Ministry of Forest Government of Maharashtra
- In office 09 Nov 2004 – 06 Nov 2009
- Preceded by: R. R. Patil
- Succeeded by: Patangrao Kadam

Ministry of Home Affairs Government of Maharashtra
- In office 1991–1992

Member of the Maharashtra Legislative Assembly
- In office (1980-1985), (1985-1990), (1990-1995), (1995-1999), (2004-2009), (2009-2014), (2019 – 2024)
- Preceded by: Shivajirao Narayan Nagawade
- Succeeded by: Vikram Babanrao Pachpute
- Constituency: Shrigonda

Personal details
- Born: 9 September 1954 (age 71) Kashti Village, Shrigonda, Ahmednagar
- Party: Bhartiya Janata Party
- Other political affiliations: Nationalist Congress Party Indian National Congress
- Spouse: Dr. Pratibha Pachpute
- Children: Vikram Babanrao Pachpute, Pratapsinh Pachpute, Rupali Pachpute-Shirgaonkar Patil
- Parent(s): Bhikaji Pachpute & Tulsabai Pachpute
- Education: BA Honours
- Occupation: Politician

= Babanrao Pachpute =

Indian politician

Babanrao Bhikaji Pachpute is an Indian politician from Bharatiya Janata Party. He represents the Shrigonda (Vidhan Sabha constituency) in the district of Ahmednagar, Maharashtra. His Son Vikram Babanrao Pachpute is MLA from Shrigonda since 24 November 2024.

== Early life ==
Babanrao Pachpute was born in a farmer's family in the village of Kashti, Shrigonda, Maharashtra. He is the son of Bhikaji Pachpute and Tulsabai. Since his primary education he was considered amongst the brightest students in the class. He participated extensively in extra-curricular activities such as elocution, debate and sports competitions. Family obligations deterred him from pursuing further education. But he managed to get admission into New Arts College, Ahmednagar. Along with education, he started participating in body building championship tournaments came first in Ahmednagar district and was honored with the 'Ahmednagar shree' award. His amicable nature won him many friends. While pursuing legal studies, National Emergency was declared and he actively participated in the non-co-operation movement and rose as a prominent figure in Shrigonda.

== Political career ==
1 January 1977 was his political debut. In the non-cooperation movement during emergency he raised the voice against the government. He inaugurated a branch of 'Janata Party' in Shrigonda. On 9 September 1977, he was elected as Local Body Member (Panchayat Samiti). In 1979 he established 'Shetkari Sanghatana' and was elected as member of legislative assembly in 1980. He fought for farmers' rights, started a huge movement in 1981. Babanrao Pachpute has filed nominations and has been a candidate for the Maharashtra Legislative Assembly elections nine times out of which he has won seven times. His followers give credit of this success because of the various socio-economic and educational welfare schemes he has implemented in his home turf of Shrigonda. He has been recognized as the candidate who has fought the elections every time on a different election symbol. In the assembly elections of 2019, he won and the lotus bloomed for the first time in the Shrigonda Constituency.
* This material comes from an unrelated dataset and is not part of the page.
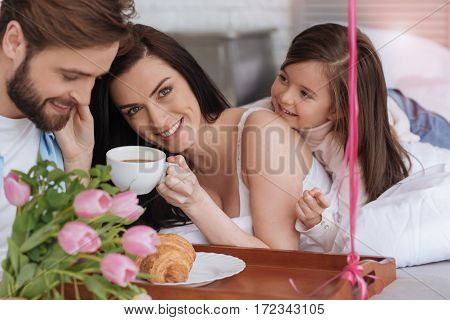 Pleasant morning time. Cheerful happy attractive woman holding a cup and drinking coffee while enjoying her breakfast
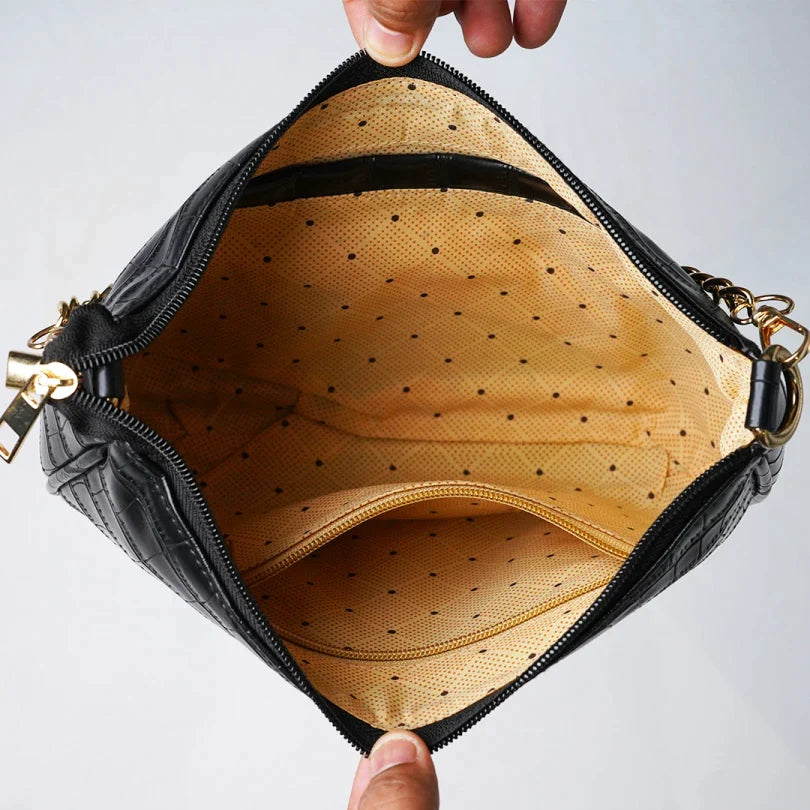 inside or open view of croc sling bag- black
Maharashtra's Legislative Assembly elections journey of Babanrao Pachpute:

- In the consecutive years of 1980–85, 1985-90 he won the elections on behalf of Janata Party.
- In 1990-95 he filed nomination from Janata Dal and won the elections.
- In 1995-99 he entered the Indian National Congress Party and was victorious.
- In 1999-2004 he lost the elections but became the State President of the Nationalist Congress Party (NCP)
- In 2004-09 succeeded as an independent candidate and became the Forest Minister in the cabinet of Ministers of Maharashtra.
- In 2009-2014 won again and became the Tribal Development Minister
- In 2014 he joined the Bhartiya Janta Party (BJP), in the elections, he received more than 85,000 votes, but lost by 12,000 votes.
- In 2019, he has emerged victorious for the 7th time in the Shrigonda Constituency.